[Data]
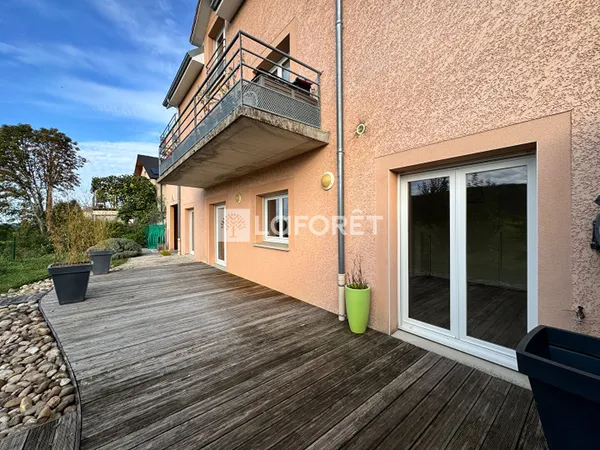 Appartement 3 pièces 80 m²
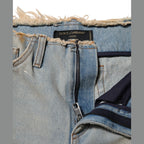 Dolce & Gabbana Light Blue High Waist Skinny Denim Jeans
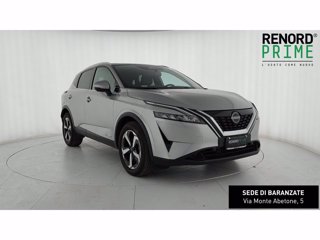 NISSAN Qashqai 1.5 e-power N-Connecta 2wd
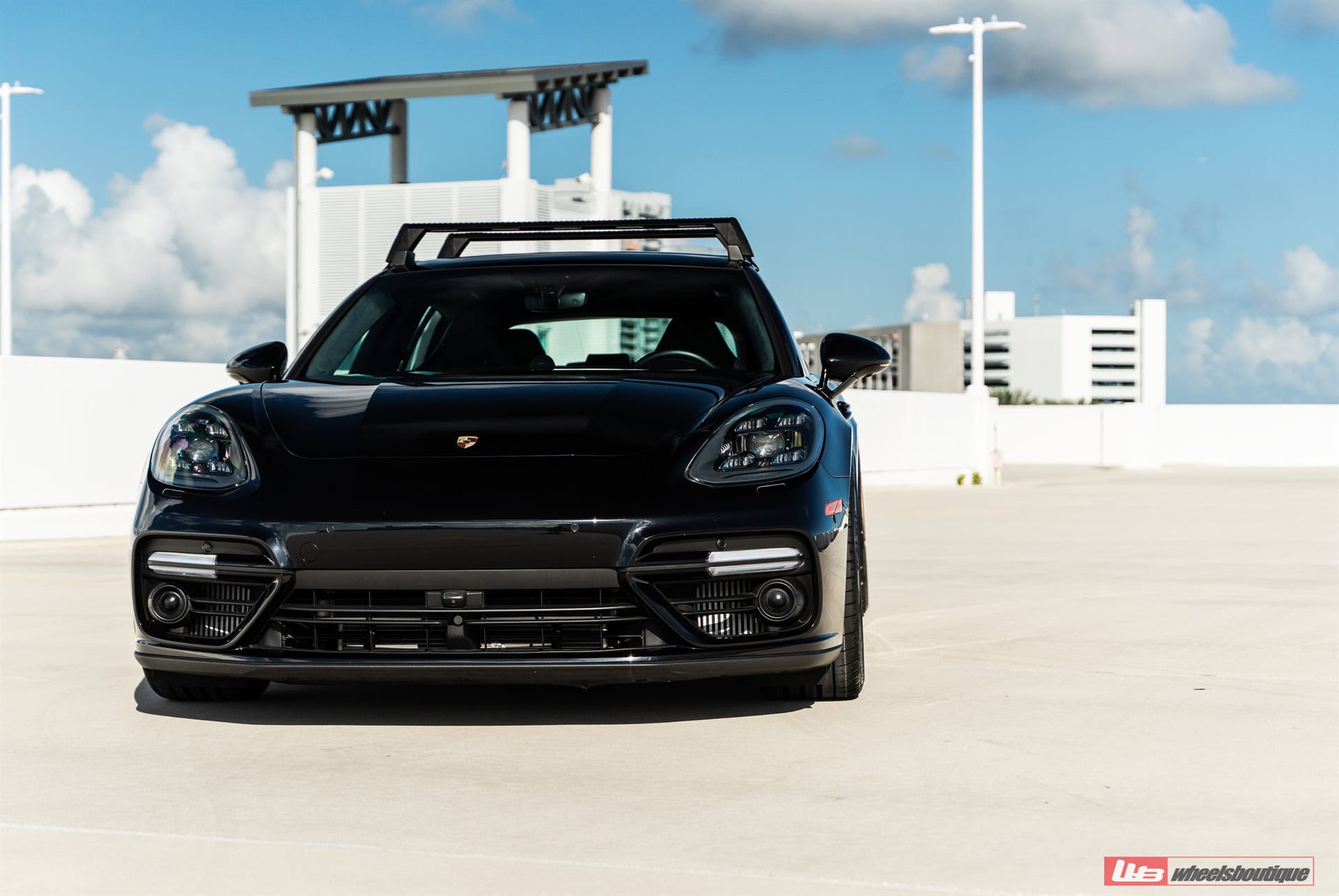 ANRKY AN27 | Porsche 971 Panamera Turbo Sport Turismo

...

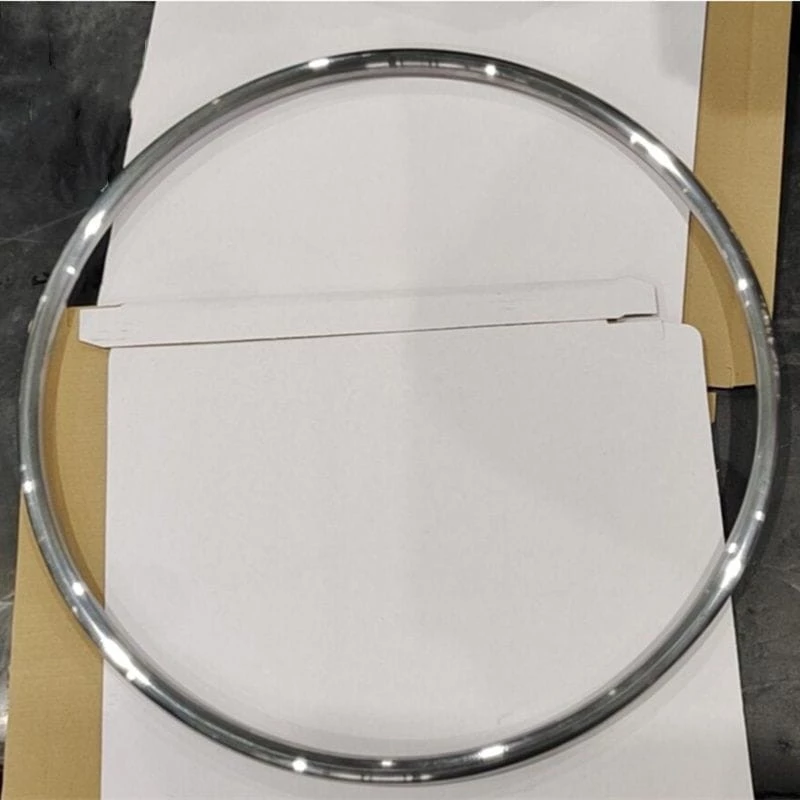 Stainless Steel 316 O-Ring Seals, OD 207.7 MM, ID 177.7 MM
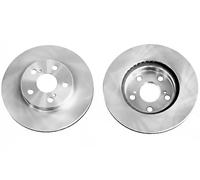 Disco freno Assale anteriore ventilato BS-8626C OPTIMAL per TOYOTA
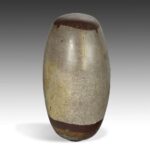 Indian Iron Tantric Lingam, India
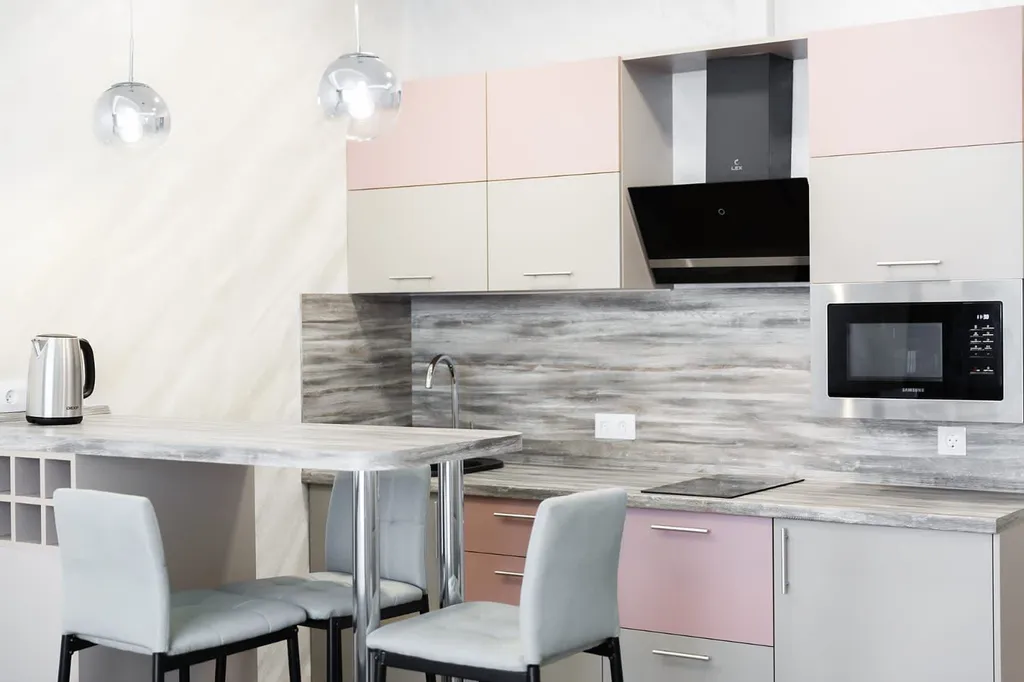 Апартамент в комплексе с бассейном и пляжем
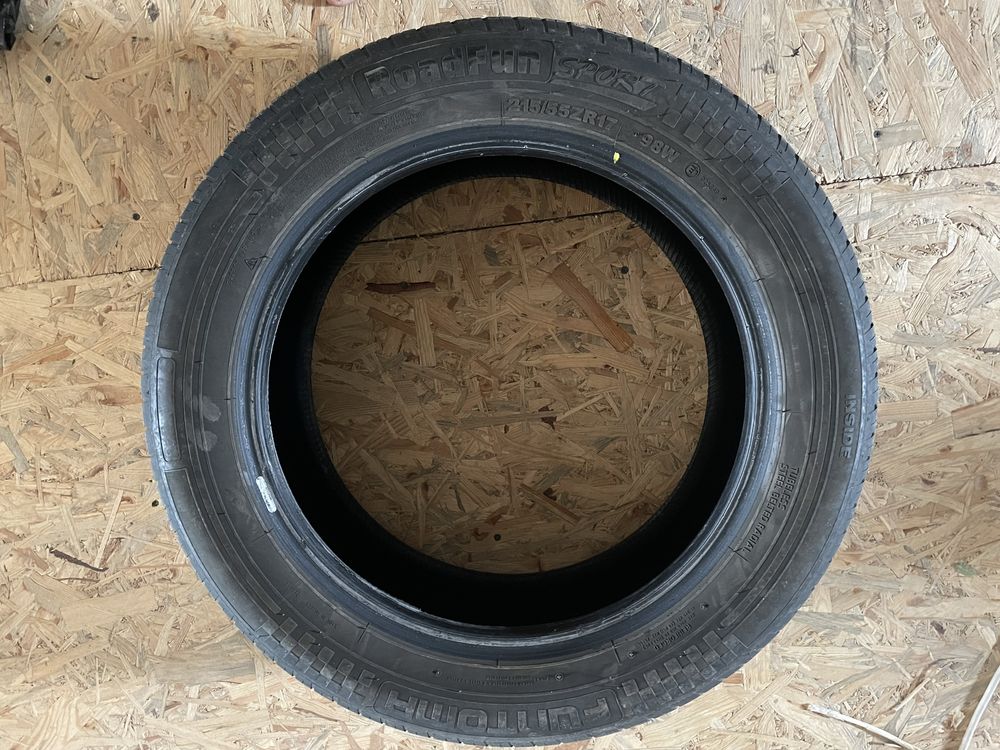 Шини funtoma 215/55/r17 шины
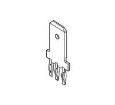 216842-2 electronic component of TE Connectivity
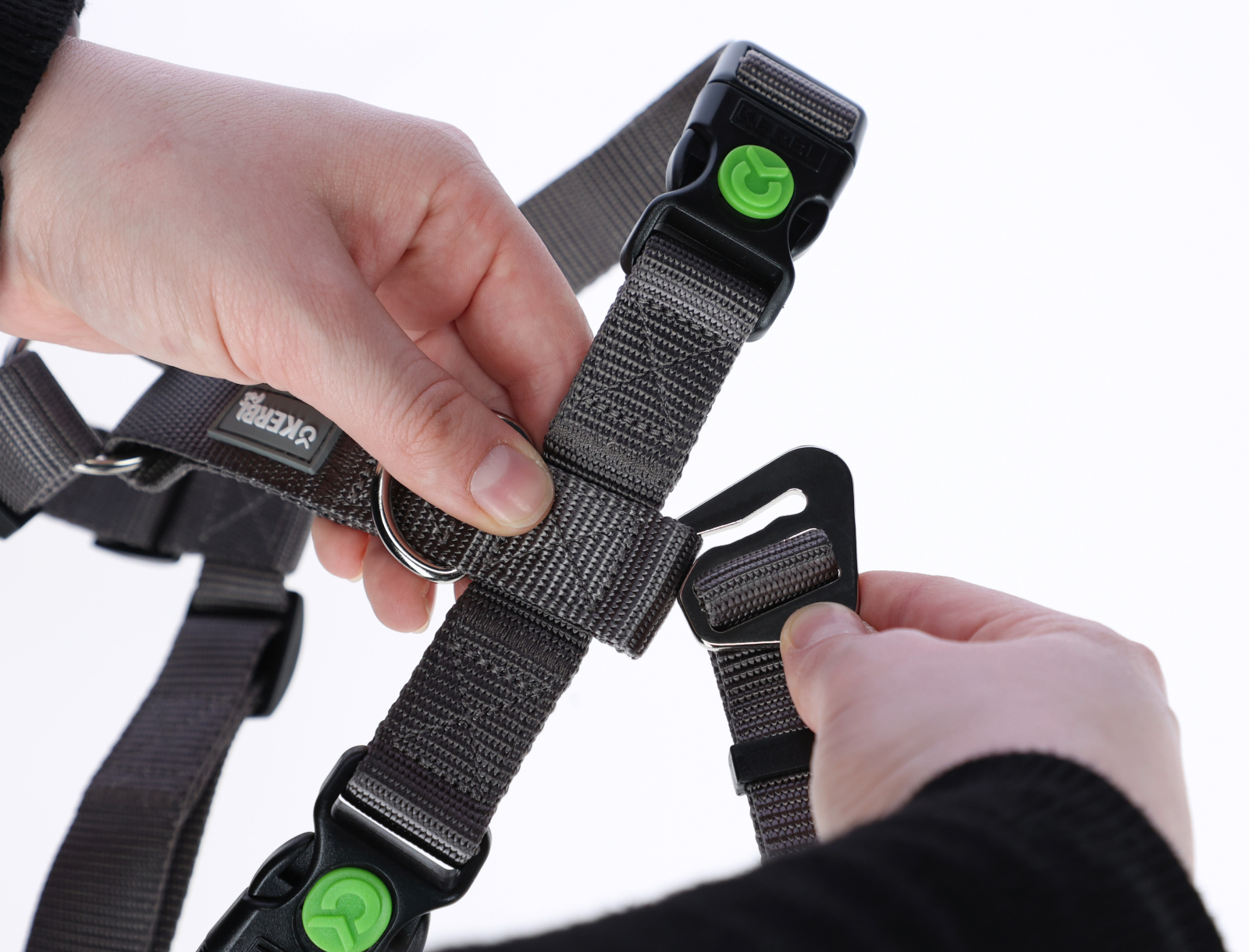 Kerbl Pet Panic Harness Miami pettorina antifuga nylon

[Aim of the task] Repeat exactly the lines above, beginning at the one containing "NISSAN Qashqai 1.5 e-power N-Connecta 2wd" and ending at the one containing "ANRKY AN27 |". Do not carry over any pictures.

[Solution to this problem]
 NISSAN Qashqai 1.5 e-power N-Connecta 2wd
 ANRKY AN27 | Porsche 971 Panamera Turbo Sport Turismo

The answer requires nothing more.